Madame Vassieux of Lyon, France was one of many women to create technological achievements in the world of coffeemakers. She used the laws of physics to create the coffee maker. It held water in a bottom bowl and boiled it and forced the water to the top bowl to meet the coffee grinds. When it arrived at the top, the heat source was away from the mixture and the steam condensed in the lower part of the coffee pot and created a vacuum to suck the brewed coffee down into the lower chamber. Hence, the evolution of the vacuum pot. Some vacuum coffee makers were made of metal or glass. Glass, wasn’t as strong as it is today, would blow up. New patents for safety valves, tilt pour spouts and in 1859 a cup gradiation mark was invented (Raparlier Vacuum Pot); making it easier to know how much coffee would be brewed.

The Raparlier vacuum coffee pot got rid of the problem of rotting, dirty filters by using disposable filters made of hemp. US company, Silex, mass produced the vacuum style coffee pot in the mid 1900’s and this type of vacuum coffee pot lasted till the 1960’s (also called a hydropneumatic coffee pot).

Another style of vacuum pot was created during the same period. It had the two bowls side by side. It was known as a balance beam pot. However, the difference between it and the original vacuum pot was when the balance beam’s coffee filled the brew bowl it would extinguish the heat source by changing its weight.

The percolator, created about the same time, was also a technological advancement for its era and its design is still on the market today. About ninety percent of Americans drank coffee using a percolator in the 1930’s. This method made the coffee taste burnt as the coffee was continually boiling.

The French had a lot to do with the evolution of coffee makers and are credited with creating the French Press (also known by the brand name, Bodum, by cafetiere or plunge pot) during the same time period as the percolator and the vacuum coffee pot.
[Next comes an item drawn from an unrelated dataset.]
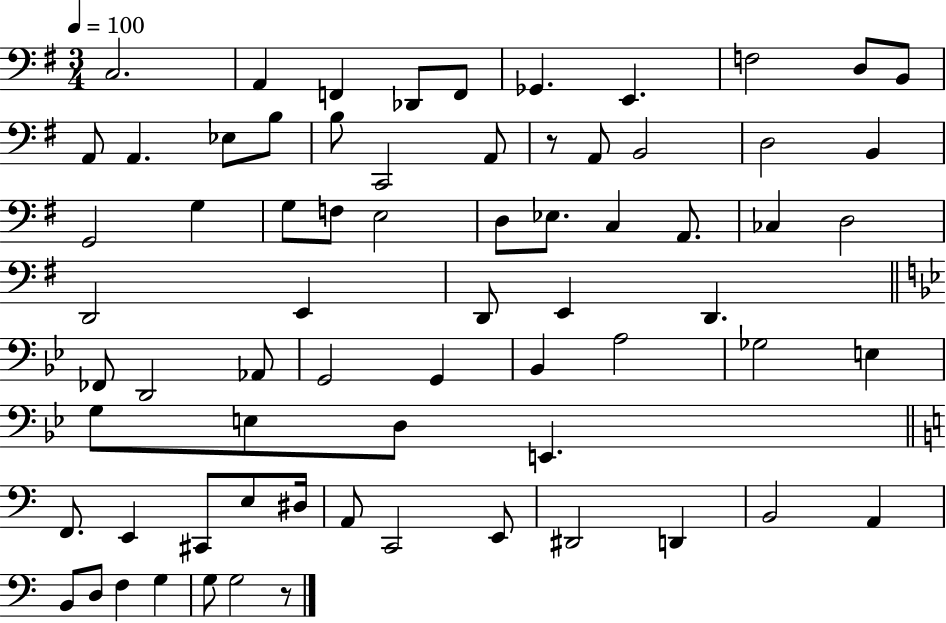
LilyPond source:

It combined the boiling water and coffee into one coffee pot and a plunger, with a filter, pressed the coffee grounds down to the bottom of the pot and separated it from the water. It was a great method because you could control the strength of the coffee. It was simplistic and it has survived the test of time.

From Mr. Biggins to Willy Brandl…the evolution of the coffee maker was about to meet high tech. Brandl created the first electric coffee maker. It had a small mercury float switch which turned off automatically when the water was low in the coffee machine.

The drip coffeemaker was created by Melitta Bentz, a German Housewife, around 1910. Bentz found the coffee grounds were always floating in her coffee so she tried using her son’s notebook blotting paper as a coffee filter. The Melitta drip coffeemaker was first marketed around 1960 in Germany. There are basically two types of drip coffeemakers: one heats the hot water in the machine and the other has heated water poured into it. Also, one type has a heated plate to keep the coffee warm (and burn the coffee over time) and the other is insulated, to keep cool temperatures out, to keep the coffee warm for a limited amount of time.

Today, there are many different coffee maker styles, coffee maker brands and coffeemaker technologies to choose from and I’m sure there are still people using socks to filter their coffee in a pinch.